Each event will have a central theme, revolving around a series of discussions between different generations of individuals and practices from both the discipline and other fields of science and creativity, with the common goal of codifying new languages to describe and address contemporary challenges.
Five themes for five events: paradigms, buildings, ecologies, economies, masters. Five issues that have always been present in the debates within the discipline but that need constant updating of their meaning.
On May 20, 2023, the first event will be dedicated to Paradigms.
“When paradigms change, the world itself changes with them. Led by a new paradigm, scientists adopt new instruments and look in new places. Even more important, during revolutions scientists see new and different things when looking with familiar instruments in places they have looked before.” Thomas S. Kuhn, The Structure of Scientific Revolutions, 1962
For an architect, not using classical tools can be as destabilizing as not using words to express oneself, yet, as always, it is in the disorientation that paradigms change. Not seeing architecture in a project does not mean that it is devoid of one, but simply that the observer is not yet ready to recognize and describe it.

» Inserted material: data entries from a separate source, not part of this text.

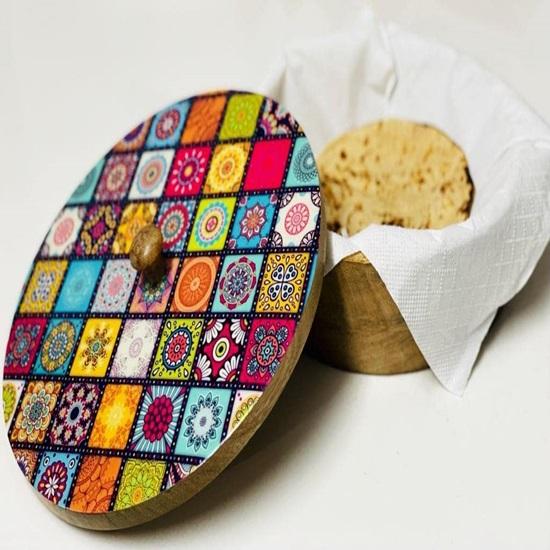 Деревянная сервировочная коробка для чапати диаметром 22,5 см. Деревянная кастрюля для чапати для званого ужина.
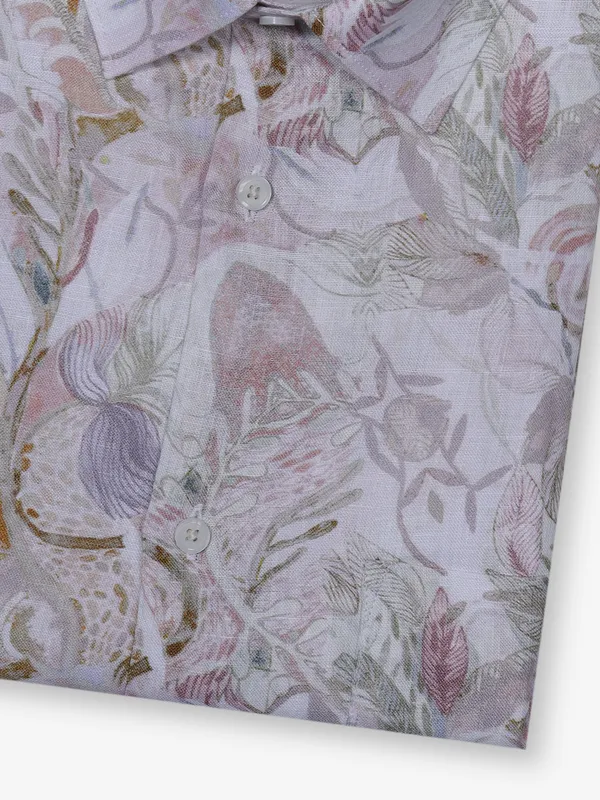 AVEGA pink printed linen shirt for men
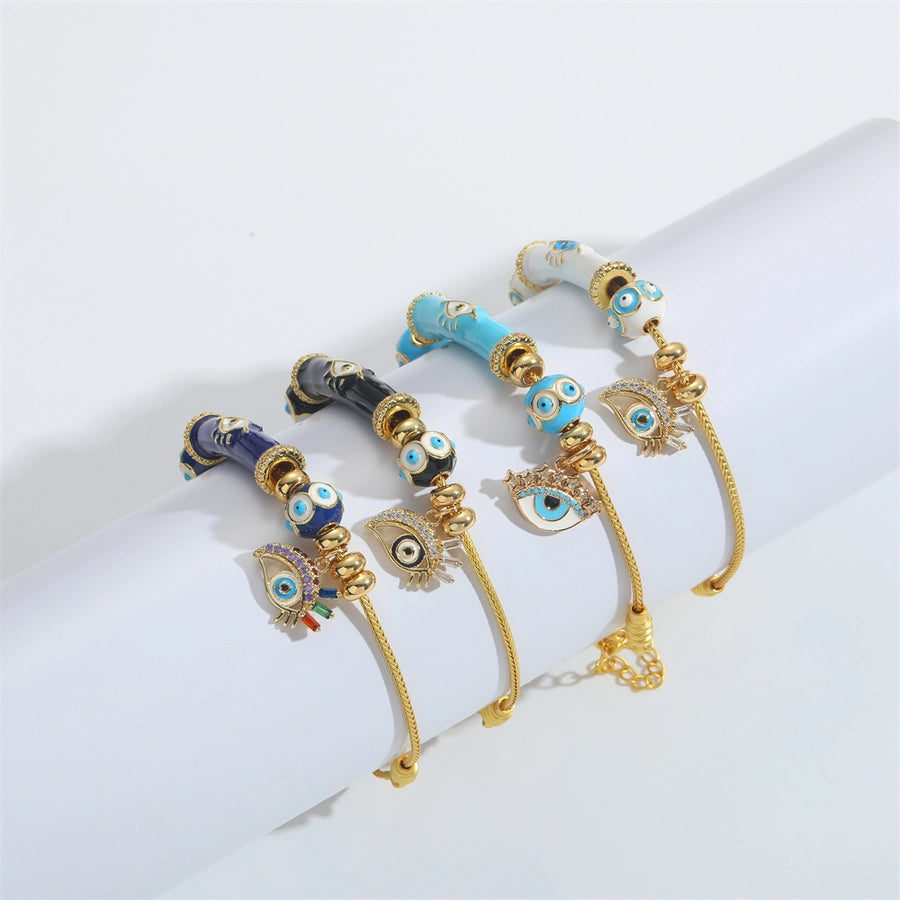 Jewelry Elegant Simple Style Commute Devil's Eye Copper Zircon 14K Gold Plated Bracelets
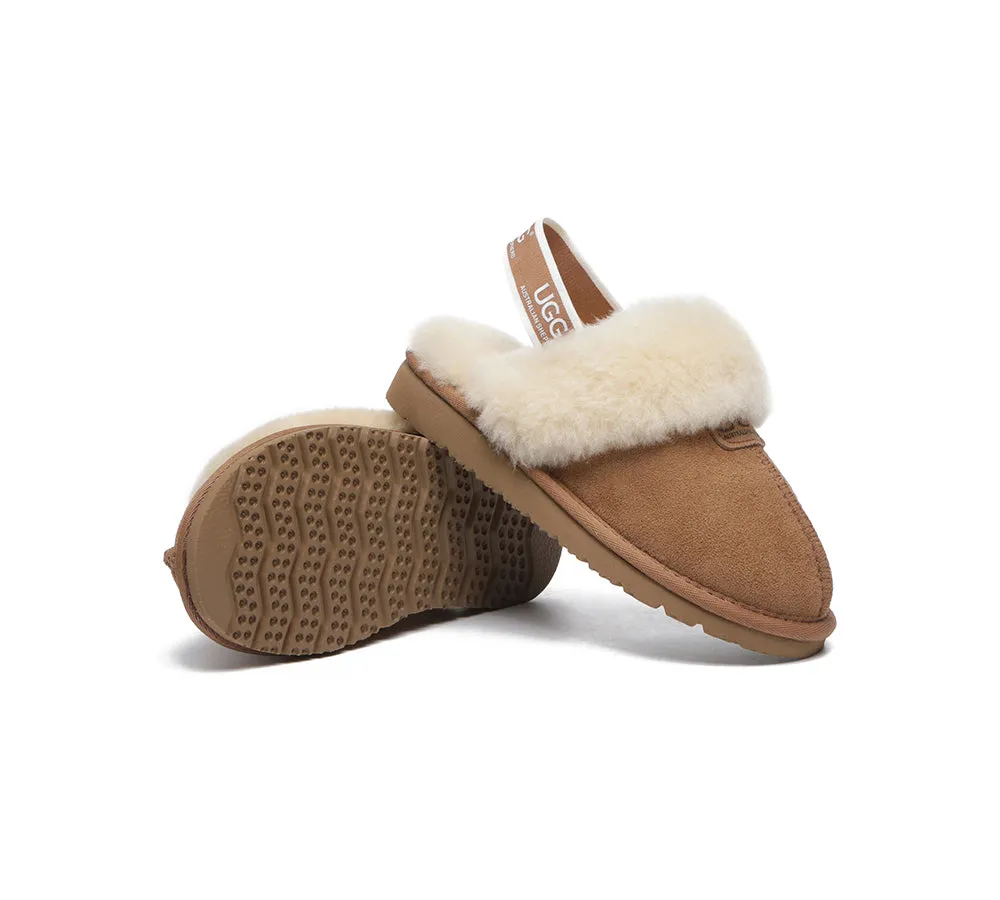 AUSTRALIAN SHEPHERD® UGG Kids Sheepskin Wool Strap Slingback Slippers Suzie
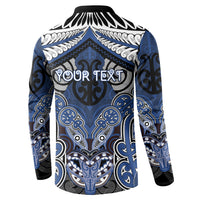 Aotearoa Iwi Ngati Tuwharetoa Personalised Button Sweatshirt Maori Kowhaiwhai Pattern LT19 - Polynesian Pride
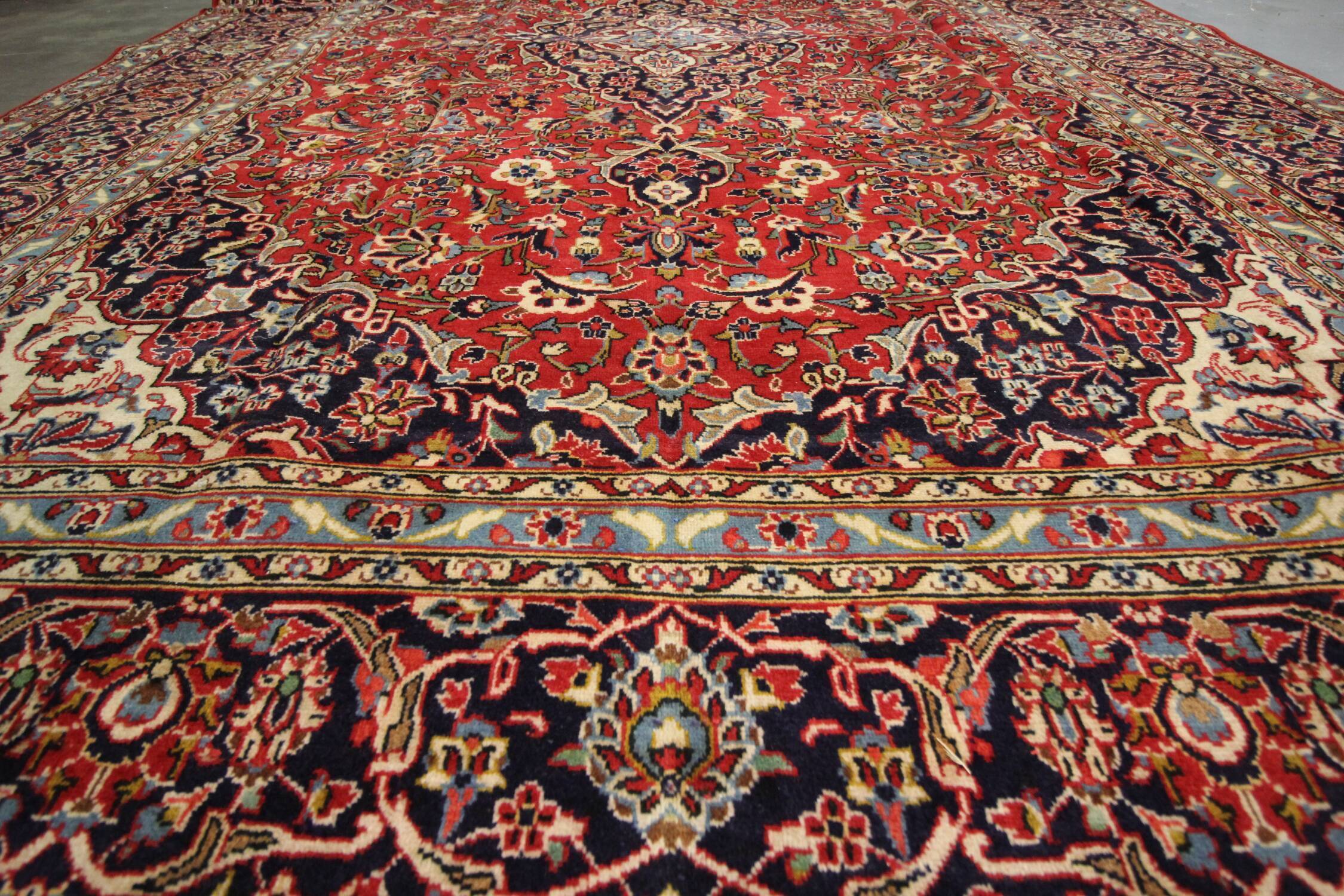 Vintage Persian Rug Handwoven Oriental Kashan Carpet- 362x244cm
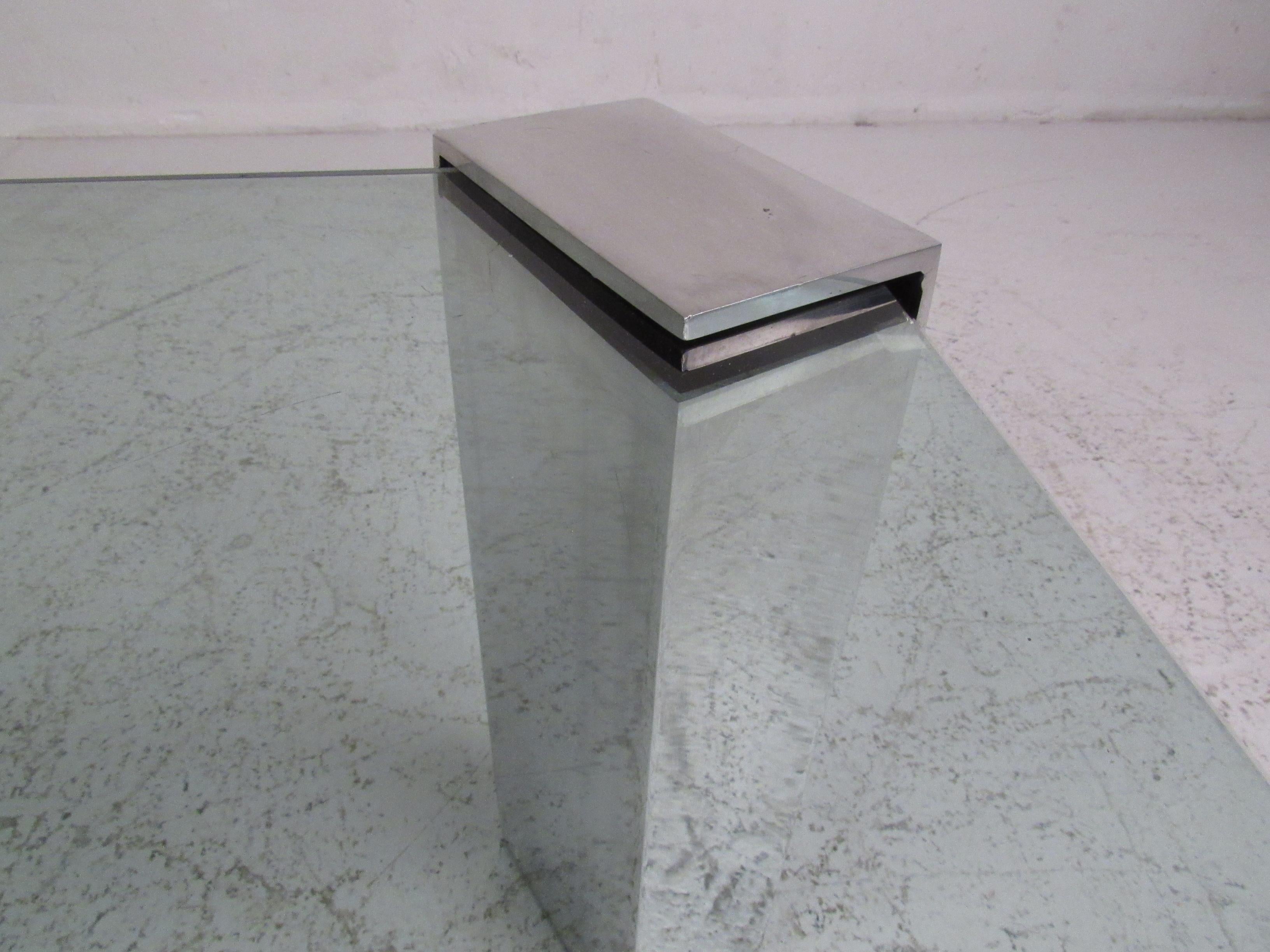 Mid-Century Modern Pace Style Chrome and Glass Coffee Table 1
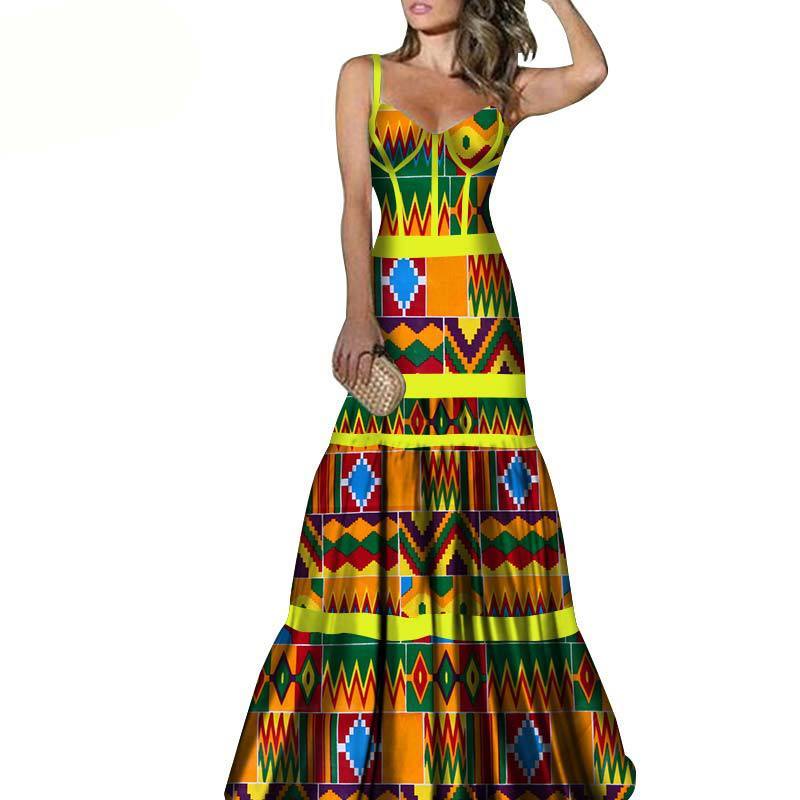 African Print Long Skirt Suspender Long Dress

From 5:00pm to 6:00pm, in the foyer of the Teatrino Grassi, the architect, EPFL researcher, and ETH lecturer Natalie Donat Cattin will moderate a conversation entitled Toward an Alternative Architecture that will include Markus Bader, member of the architecture collective raumlabor, Scott Lloyd, member of the architecture collective TEN Studio, and the practices participating in the Italian Pavilion: an open dialogue between established or emerging collaborative practices, anchored in Italy or coming from other European contexts.
From 6:15pm to 8:00pm, inside the theater, after a short presentation of the Italian Pavilion as articulated by Maria Vittoria Marini Clarelli, Director, Unit III – Contemporary Architecture, DGCC, the Fosbury Architecture curators, the Humboldt Books publishing house, and the design agency Giga Design Studio, three prominent figures – from different generations and fields of research – will discuss their contributions to the Pavilion’s catalogue. Mirko Zardini will speak about the evolution of the discipline in relation to the successive crises that have occurred in the recent past; Anna Puigjaner will talk about what new communication tools there might be for architecture; and Charlotte Malterre-Barthes will discuss how professional practices should be rethought to be more ethical and empathetic.
[1] Spaziale. Everyone belongs to everyone else is the title chosen by Fosbury Architecture for the Italian Pavilion at the 18th International Architecture Exhibition – La Biennale di Venezia.